MATERIAL PROVIDED: Begin
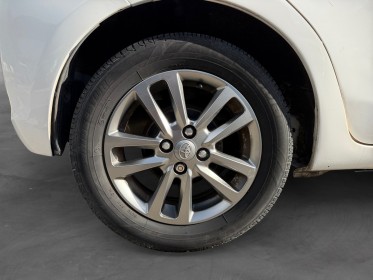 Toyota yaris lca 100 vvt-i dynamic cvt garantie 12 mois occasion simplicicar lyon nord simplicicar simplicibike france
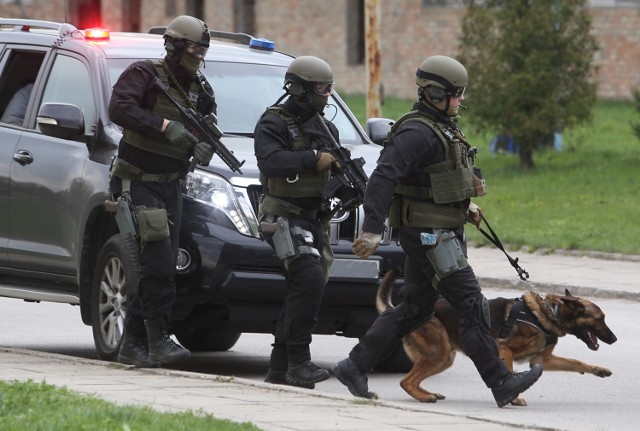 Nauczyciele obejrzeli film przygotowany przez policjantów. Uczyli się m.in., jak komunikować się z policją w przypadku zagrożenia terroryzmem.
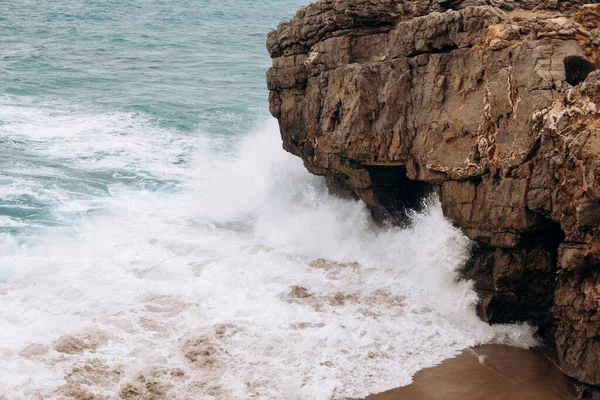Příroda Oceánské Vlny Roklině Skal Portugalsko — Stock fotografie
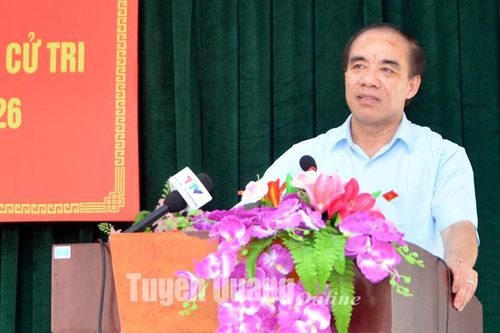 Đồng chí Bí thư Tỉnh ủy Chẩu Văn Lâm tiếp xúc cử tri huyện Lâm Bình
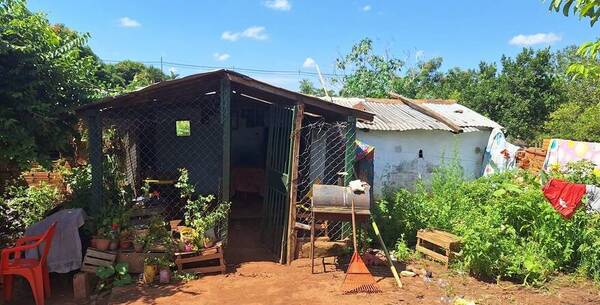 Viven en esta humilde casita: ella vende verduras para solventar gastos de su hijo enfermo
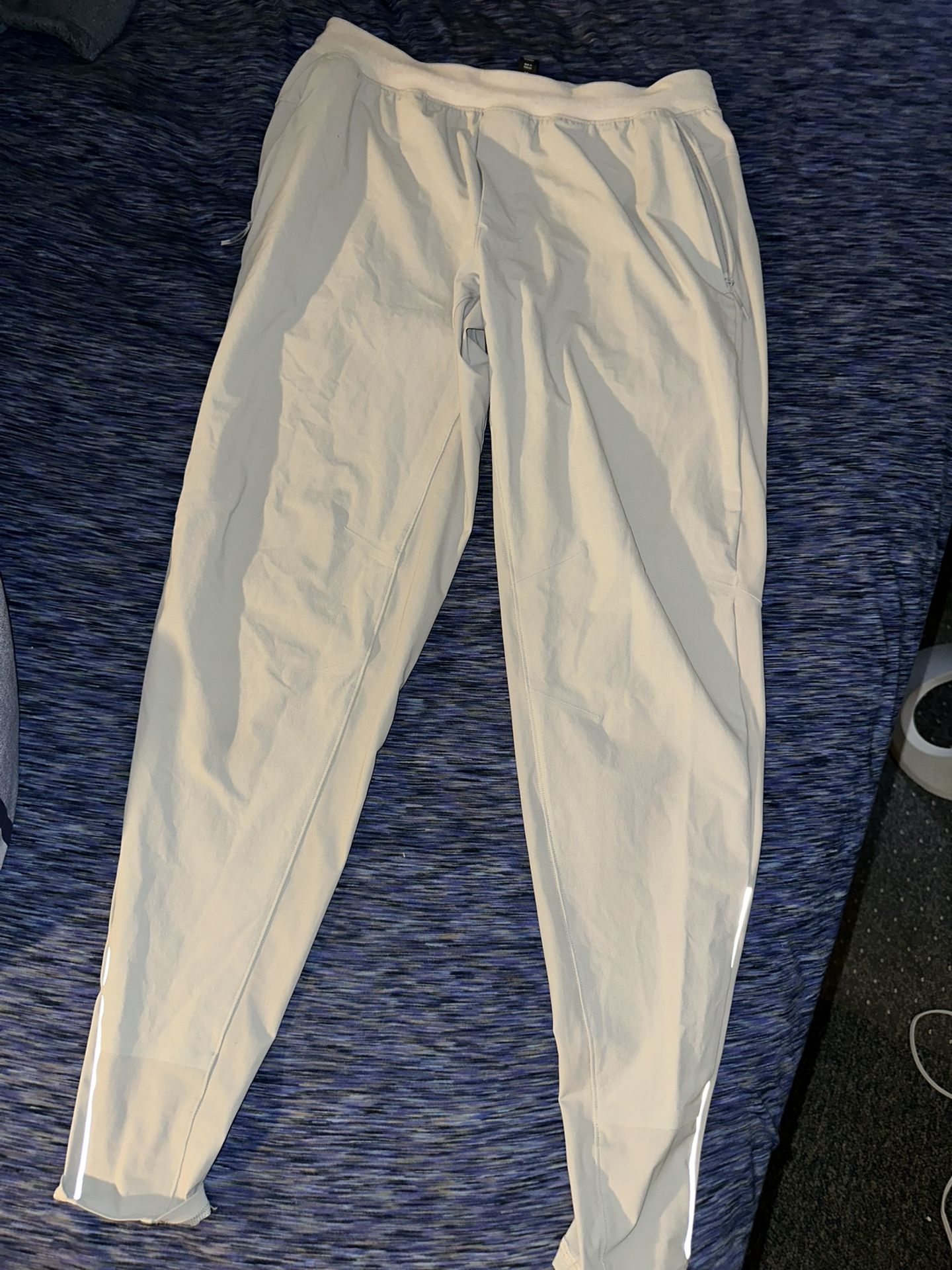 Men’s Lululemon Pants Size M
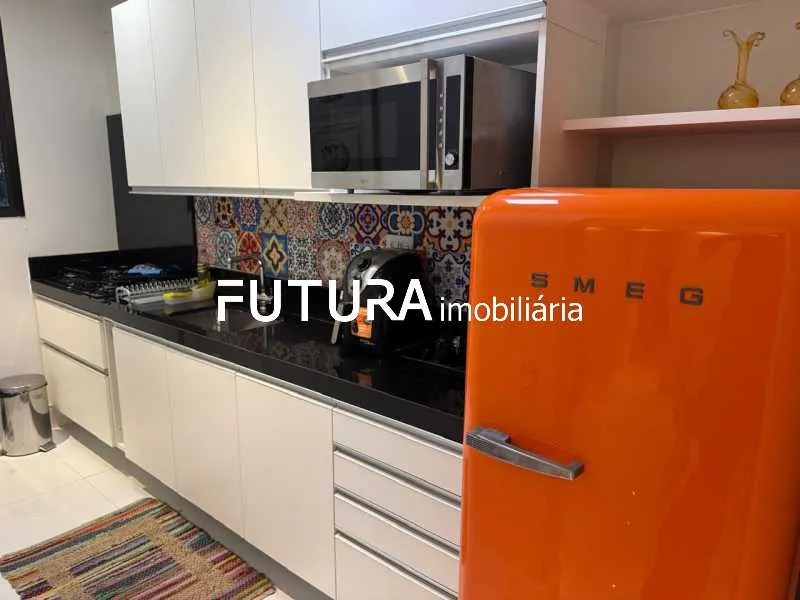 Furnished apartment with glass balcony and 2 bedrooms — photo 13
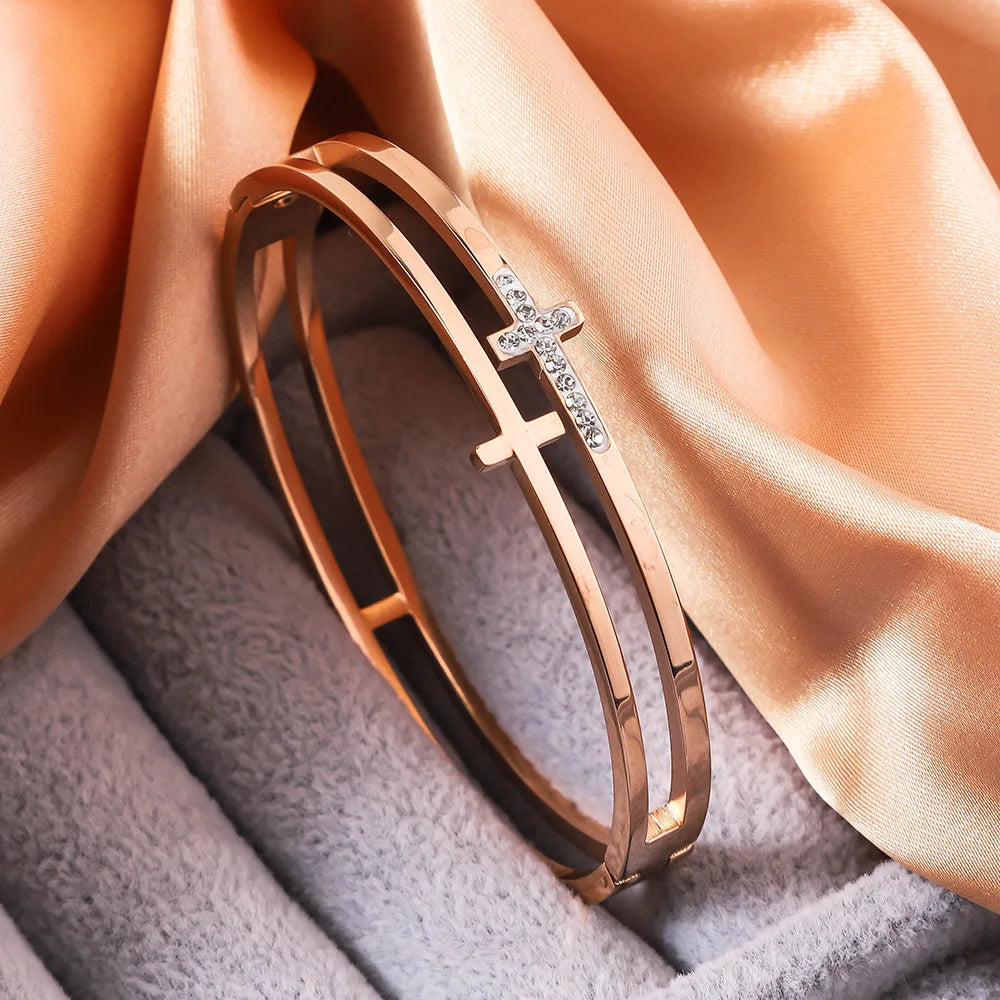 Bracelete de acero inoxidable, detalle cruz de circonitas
MATERIAL PROVIDED: End
Give the data back exactly, omitting all pictures.

 Toyota yaris lca 100 vvt-i dynamic cvt garantie 12 mois occasion simplicicar lyon nord simplicicar simplicibike france
 Nauczyciele obejrzeli film przygotowany przez policjantów. Uczyli się m.in., jak komunikować się z policją w przypadku zagrożenia terroryzmem.
Příroda Oceánské Vlny Roklině Skal Portugalsko — Stock fotografie
 Đồng chí Bí thư Tỉnh ủy Chẩu Văn Lâm tiếp xúc cử tri huyện Lâm Bình
 Viven en esta humilde casita: ella vende verduras para solventar gastos de su hijo enfermo
 Men’s Lululemon Pants Size M
 Furnished apartment with glass balcony and 2 bedrooms — photo 13
 Bracelete de acero inoxidable, detalle cruz de circonitas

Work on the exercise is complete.